Dehydroevodiamine Alleviates Doxorubicin-Induced Cardiomyocyte Injury by Regulating Neuregulin-1/ErbB Signaling

Song Jie  1 Guo Wenying  2 Sun Lebo  1
Affiliations

Dehydroevodiamine Alleviates Doxorubicin-Induced Cardiomyocyte Injury by Regulating Neuregulin-1/ErbB Signaling

Song Jie et al. Cardiovasc Ther. .

Abstract

Background: Doxorubicin (DOX) is a widely used antitumor drug; however, its use is limited by the risk of serious cardiotoxicity. Dehydroevodiamine (DHE) is a quinazoline alkaloid which has antiarrhythmic effects. The aim of this study was to investigate the protective effect of DHE on doxorubicin-induced cardiotoxicity (DIC) and its potential mechanism. Materials and Methods: Rat H9c2 cardiomyocytes were exposed to DOX for 24 h to establish a DOX-induced cardiomyocyte injury model. DHE and ErbB inhibitor AG1478 were used to treat H9c2 cells to investigate their effects.
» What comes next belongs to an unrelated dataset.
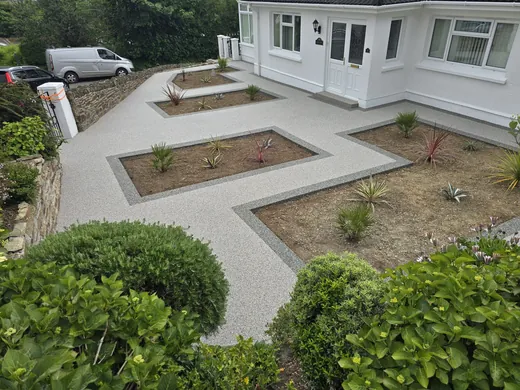 Silver resin bound front garden with charcoal edged planting beds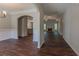 Open floor plan with a living room, dining area, kitchen, and dark wood floors at 459 Benson Meadows Dr, Dallas, GA 30157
Cell counting kit-8 (CCK-8) and lactate dehydrogenase (LDH) release assays were used to evaluate cell viability. Flow cytometry and caspase-3 activity assay were used to detect apoptosis. Western blot was used to detect the expression levels of apoptosis-related proteins and neuregulin-1 (NRG1)/ErbB pathway-related proteins. The levels of proinflammatory cytokines and markers of oxidative stress were also detected, respectively. Quantitative polymerase chain reaction (qPCR) was used to detect mRNA expression levels of hub genes. Results: DHE enhanced cardiomyocyte viability and decreased LDH release in a concentration- and time-dependent manner. DHE also significantly inhibited DOX-induced cardiomyocyte apoptosis, inflammation, and oxidative stress. Bioinformatics analysis showed that the protective mechanism of DHE against DIC was related to ErbB signaling pathway. DOX treatment significantly reduced NRG1, p-ErbB2, and p-ErbB4 protein expression levels in cardiomyocytes, while DHE pretreatment reversed this effect. ErbB inhibitor AG1478 reversed the protective effect of DHE on cardiomyocytes. Conclusion: DHE protects cardiomyocytes against DOX by regulating NRG1/ErbB pathway. DHE may be a potential agent for the prevention and treatment of DIC.

Keywords: NRG1/ErbB pathway; cardiotoxicity; dehydroevodiamine; doxorubicin.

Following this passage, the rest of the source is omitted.